前回は、法隆寺についての記事を書いたところであるが、その東院伽藍に隣接する場所に中宮寺が存在する。もはや法隆寺の一部でいいのではないかとも思えなくはない…
中宮寺の見どころは、菩薩半跏像である。まさにそこに尽きると言っても過言ではない。拝観料が600円かかるため、この国宝・菩薩半跏像を見たいかどうかで、参拝するか否かを決定してもいいと思う。

個人的には、飛鳥彫刻の最高傑作とも呼ばれるこの像を一目見たいという思いが強かったので、訪れることにした。
見どころがシンプルな寺なので、記事のボリュームはどうしても少なくなるが、参考にしていただければ幸いである。
中宮寺とは
中宮寺は飛鳥時代、聖徳太子の母・穴穂部間人皇后によって、現在地より約500m東方に創建された。旧地の発掘調査では、四天王寺式伽藍配置であったことが判明している。四天王寺式伽藍配置とは、南から北へ向かって中門、五重塔、金堂、講堂を一直線に並べ、それを回廊が囲む形式で、日本では最も古い建築様式の一つである。そういえば、法隆寺は、金堂と五重塔が並んでいたので、四天王寺式とは違った。そこにも大きな意味がありそうだ。

中宮寺の話に戻って、旧地の発掘調査で、飛鳥の向原寺(桜井尼寺)と同系統の古瓦が出土していることから、法隆寺は僧寺、中宮寺は尼寺として初めから計画されていたと考えられている。
平安時代には、寺運衰退し、宝物の主なものは法隆寺に移され、菩薩半跏像のみ安置されているような状態になっていた。その後も、たびたび火災に遭うなどにより、旧地への再建はならず、法隆寺東院の傍らに避難し、現在の位置に寺がある。

当寺は、圓照寺・法華寺とともに、大和三門跡尼寺に数えられ、その中でも最も創建の古い尼寺である。日本において、尼寺は珍しいものではないが、飛鳥時代から1400余年の永きに渡り、尼寺として存続しているのは中宮寺のみであることから、唯一無二の存在であると言える。
境内を散策
法隆寺東院を出てすぐそばに、中宮寺の入口がある。先ほどの門を入っていくと、下の写真のような道が続く、奥に入っていくと本堂が現れる。

こちらの写真が本堂である。こちらは、高松宮妃殿下の発願により吉田五十八という方が設計し、昭和43年に完成した。比較的に新しい建物である。

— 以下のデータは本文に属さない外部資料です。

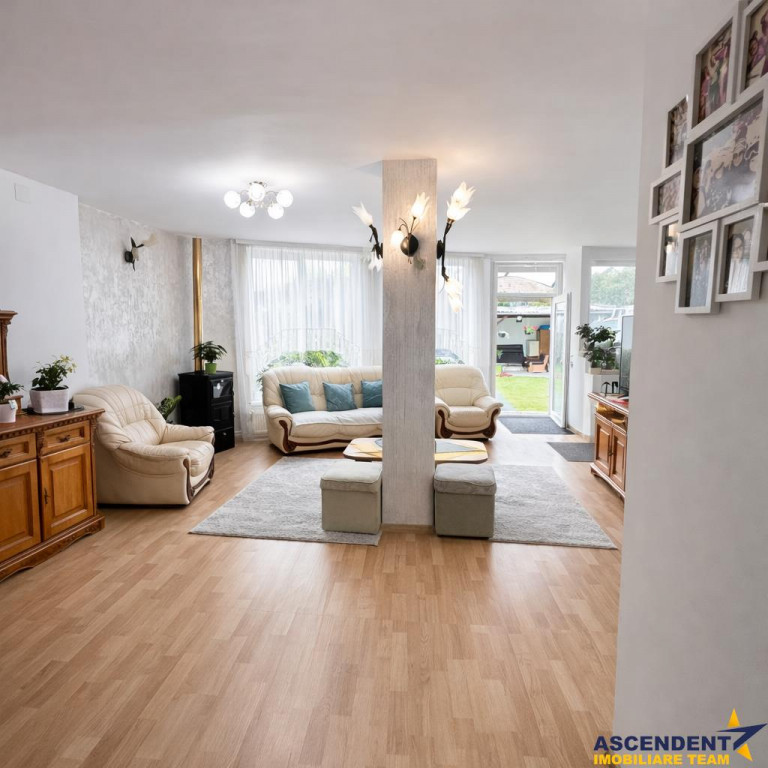 Casa in apreciabil potential,cu terase, curte,gradina echipa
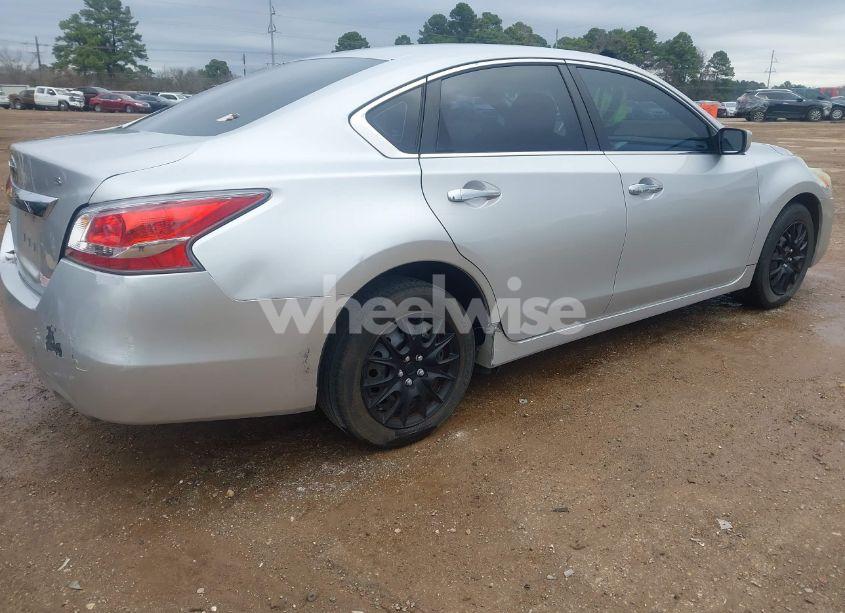 Photo 4 of 2014 Nissan Altima 2.5 S (VIN 1N4AL3AP3EC158952)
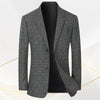 Image of Middle-aged Men's Suit Jackets Leisure Shopping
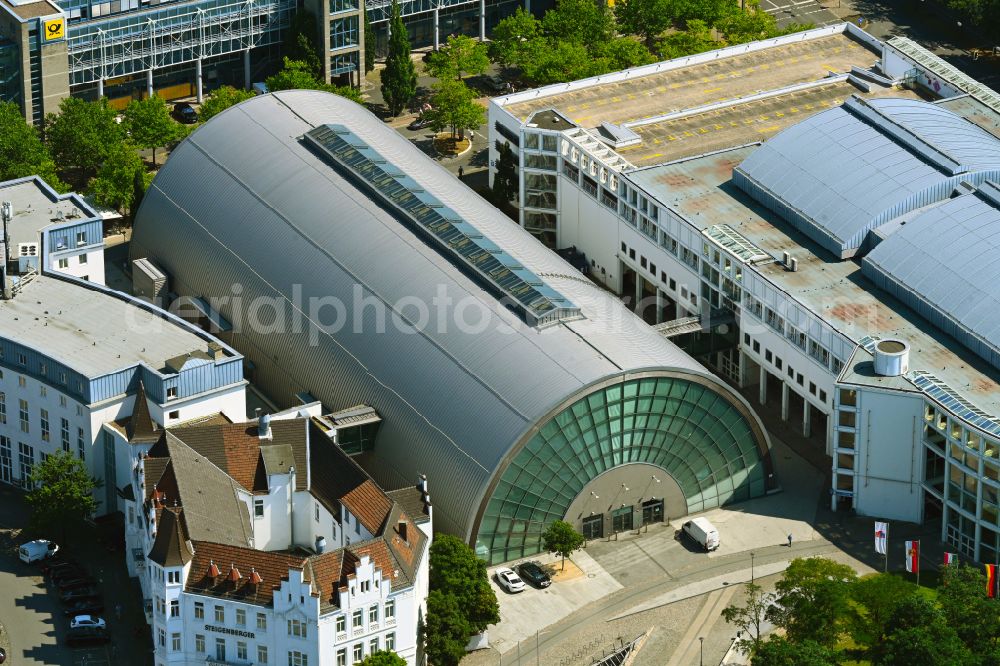 Bielefeld from the bird's eye view: Building of the indoor arena Stadthalle Bielefeld on place Willy-Brandt-Platz in the district Mitte in Bielefeld in the state North Rhine-Westphalia, Germany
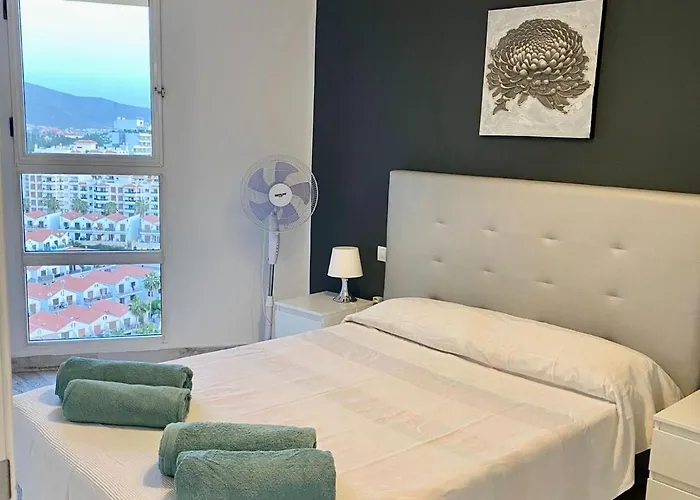 Apartamento Torry De Yomely Sea View Playa de las Americas (Tenerife)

こちらの本堂に菩薩半跏像が安置されている。当然写真は禁止されているので、どのような像であるかについては下記HPを参考にしていただきたい。
本尊 – 聖徳宗 中宮寺 公式ホームページ
本堂に入ると、映像で菩薩半跏像などの説明をしてもらえる。説明動画を見た後も、様々な角度から菩薩半跏像を眺めてみる。とても美しく、神秘的な魅力を感じる。飛鳥時代にこのような像が作れることにも驚きだ!!

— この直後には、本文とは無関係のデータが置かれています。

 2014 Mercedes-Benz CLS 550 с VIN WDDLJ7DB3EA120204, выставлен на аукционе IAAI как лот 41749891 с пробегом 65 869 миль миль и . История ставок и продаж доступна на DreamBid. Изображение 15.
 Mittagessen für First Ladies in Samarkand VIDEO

菩薩半跏像について、少し説明を加える。東洋美術における「考える像」として有名であり、飛鳥彫刻の最高傑作との呼び声も高い。また、口元には飛鳥仏特有の優雅なアルカイックスマイルをたたえており、エジプトのスフィンクス、レオナルド・ダ・ヴィンチ作のモナリザと並んで「世界三大微笑像」とも呼ばれている。

また、天寿国曼荼羅繍帳も見どころの一つとなっている。
日本最古の刺繍遺品として知られる「天寿国曼荼羅繍帳(てんじゅこくまんだらしゅうちょう)」は、推古天皇30年(622)、聖徳太子の妃である橘大郎女が、太子が亡くなったのち、宮中の女官に命じて、太子が往生なされている天寿国のありさまを刺繍させたものである。

「天寿国」とは、仏教的理想世界を象徴する浄土的な国で、太子が往生した場所だと信じられていた。深く太子を敬慕していた橘大郎女は、その冥福を祈り、また来世での再会を願って、太子が往生したとされる「天寿国」の様子を刺繍によって表したと伝えられている。
年を経るにつれて曼荼羅は破損し、現存するものは往時のほんの一部にすぎないが、紫羅の上に、白・赤・黄・青・緑・紫・樺色などのより糸 をもって伏縫の刺繍が施された繍帳は、鮮麗な色彩を残している。七世紀中頃の染色技術、服装、仏教信仰などを知るうえで貴重な遺品といえる。
なお、現在、本堂に安置されているものは複製で、実物は奈良国立博物館に寄託されている。
まとめ
こじんまりとしたお寺で、主に菩薩半跏像くらいしか言及するところがなかったので、記事を作成する側からは少しつらいところであった。
ただ、菩薩半跏像の美しさには目を見張るものがあるので、個人的には来てみて良かったかなぁと感じている。まあ、せっかく法隆寺を訪れるのであれば、お隣さんなので立ち寄ってみてはいかがでしょうか?
また、尼寺としての歴史が深い。本記事の冒頭で、法隆寺の一部でもいいのではという発言をしていたが、その歴史を考えればやはり別の寺として独立させる価値は十分にあるのではないかと思う。